:: What is needed ::
Below are entries with pictures among them; reproduce exactly, and only, the lines from the one containing "Giorgio Armani Blue" down to the one containing "Moyubath Cat Wolf", without the pictures.

:: Extracted material ::
Segment Open

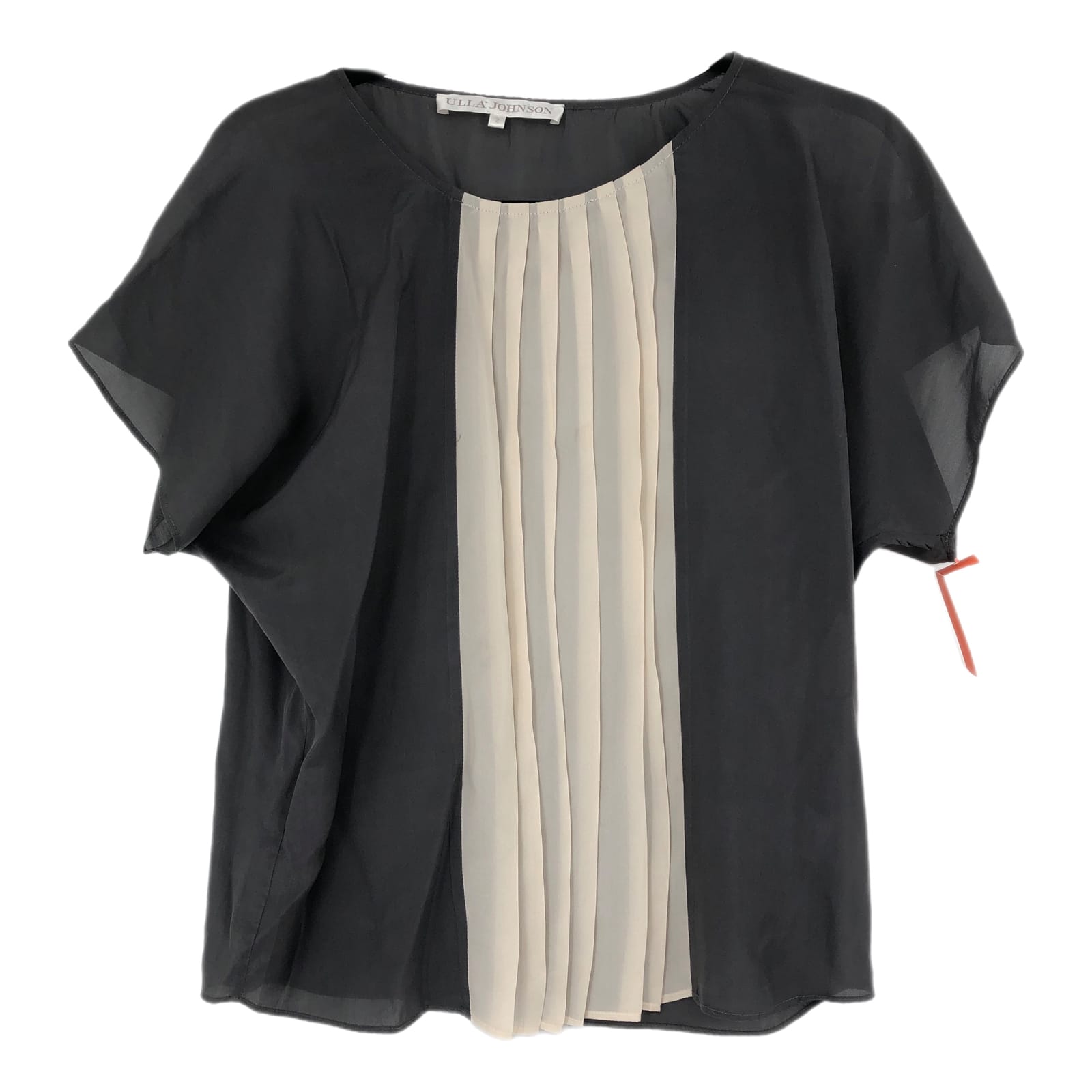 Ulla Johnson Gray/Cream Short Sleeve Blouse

Segment Closed
Segment Open

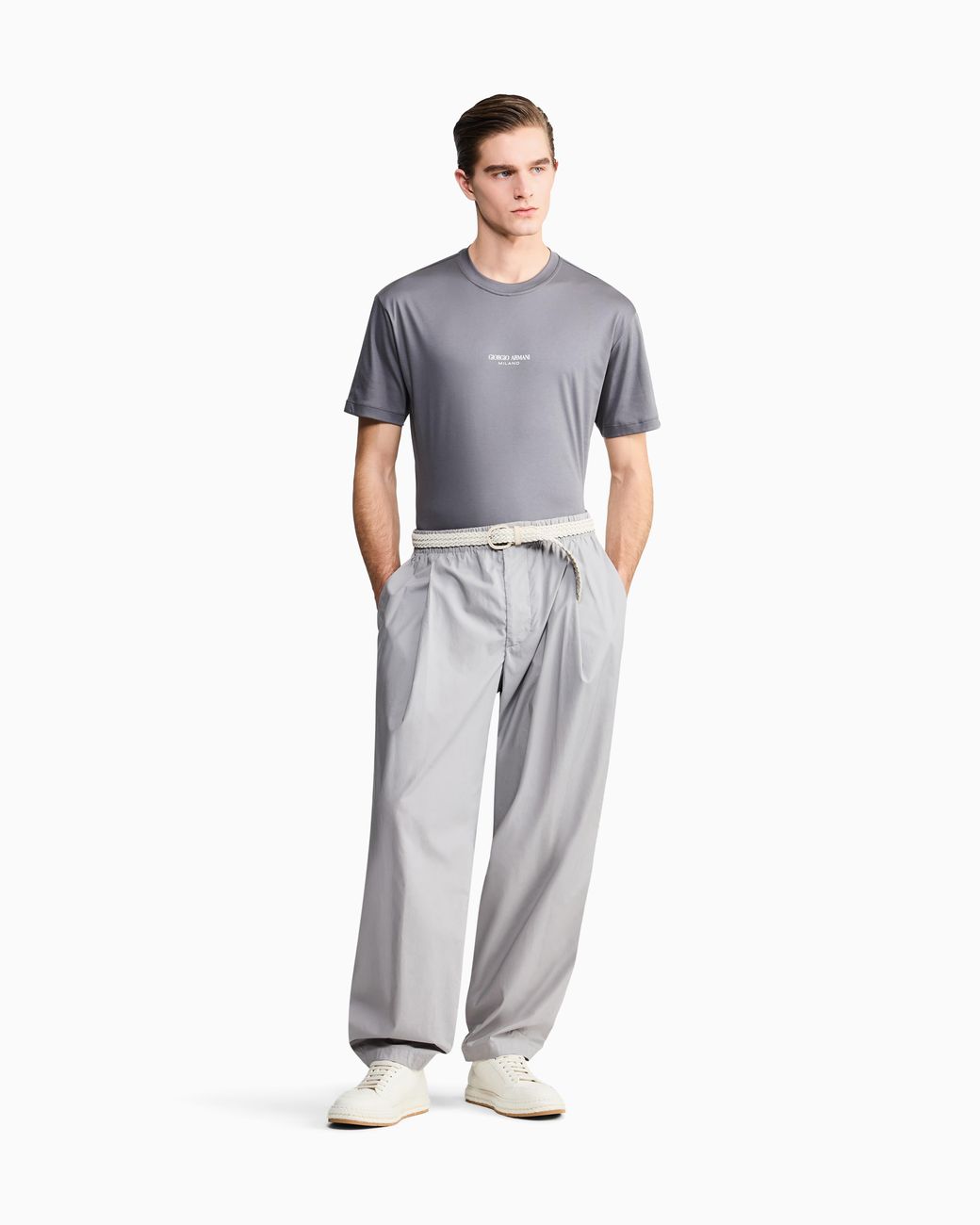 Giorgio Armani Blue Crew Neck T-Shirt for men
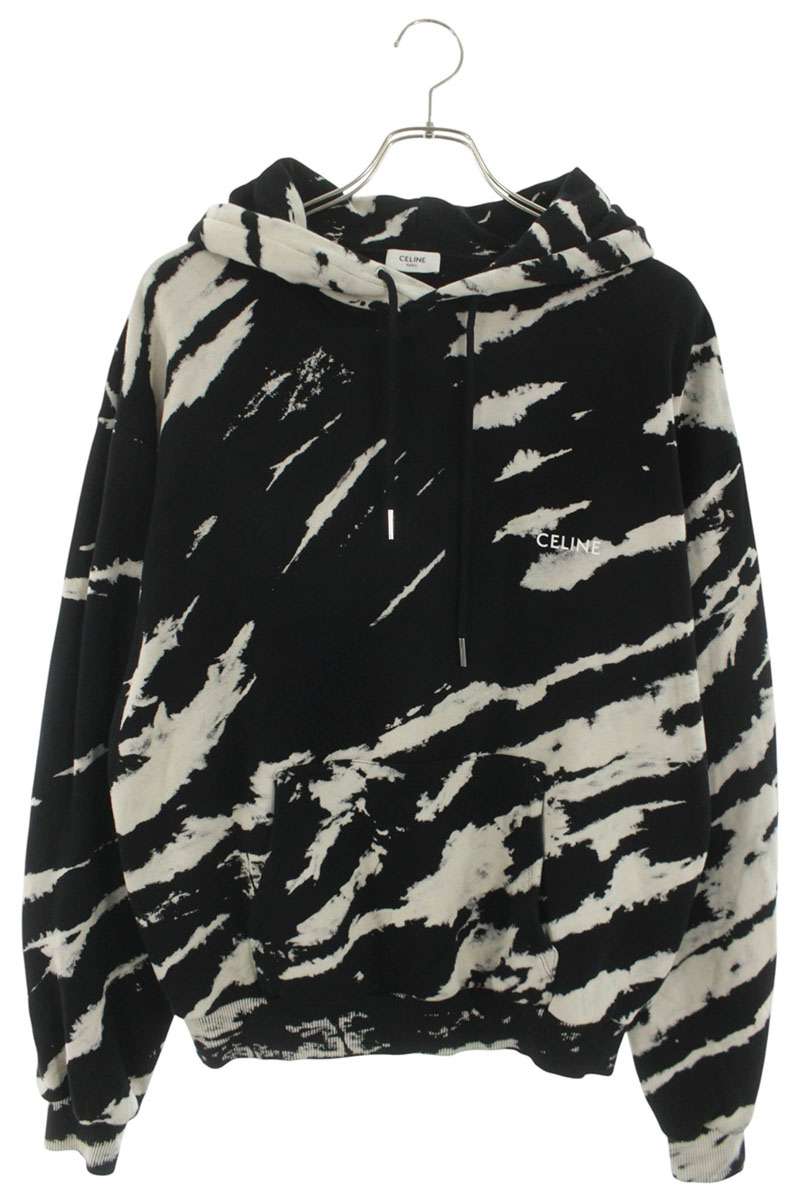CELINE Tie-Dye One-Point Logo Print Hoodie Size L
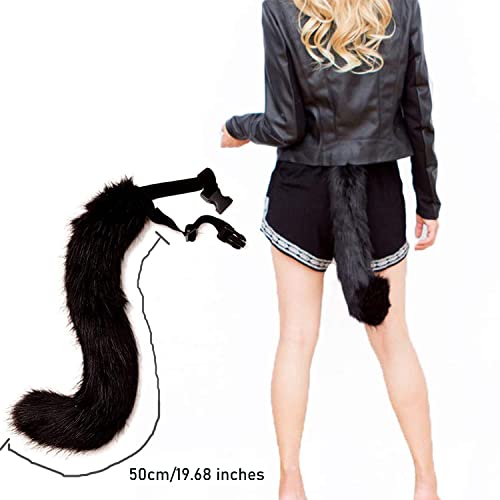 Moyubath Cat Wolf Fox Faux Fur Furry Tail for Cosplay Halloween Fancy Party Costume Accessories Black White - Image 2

Segment Closed

:: Answer for the task ::
 Giorgio Armani Blue Crew Neck T-Shirt for men
CELINE Tie-Dye One-Point Logo Print Hoodie Size L
 Moyubath Cat Wolf Fox Faux Fur Furry Tail for Cosplay Halloween Fancy Party Costume Accessories Black White - Image 2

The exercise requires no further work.